BRUSSELS (Reuters) – Belgium has backed introducing price caps for European Union’s gas and electricity hubs, as well as suspending trade in case of “irrational market behaviour”, according to a note seen by Reuters on Monday.
The 27-nation EU is looking for ways to tackle soaring energy prices, including discussing price caps for markets spooked by Russia’s invasion of Ukraine and reduced gas supplies to Europe.
Eurostat said earlier this year Belgium had the highest energy inflation in the EU and the government in Brussels tinkered with taxes and tariffs to alleviate the pain on consumers. It has also called for reforms of the EU energy market.
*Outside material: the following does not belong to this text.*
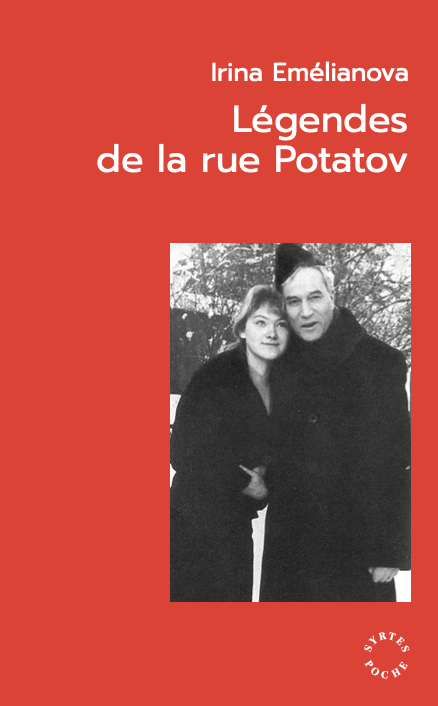 Légendes de la rue Potapov de Irina Emélianova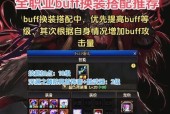 地下城默认难度设置为普通的方法是什么？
“Price levels for gas trading on European hubs should be capped in order to limit irrational market behaviour,” the Belgian government said in the note.
With LNG terminals and gas pipelines connecting Europe and the world, wholesale prices should not be significantly higher in Europe than at the U.S. Henry Hub or Asia’s JKM, it said.
“If price ceilings are installed in the gas market, the price ceilings in the electricity market must also be revised”, added the note, which also lays out the Belgian government’s stance ahead of talks among the bloc’s energy ministers.
It called for suspension in wholesale trading if necessary and for a review of pricing that currently translates higher gas prices into more expensive electricity, even if the latter is produced from nuclear or renewable sources.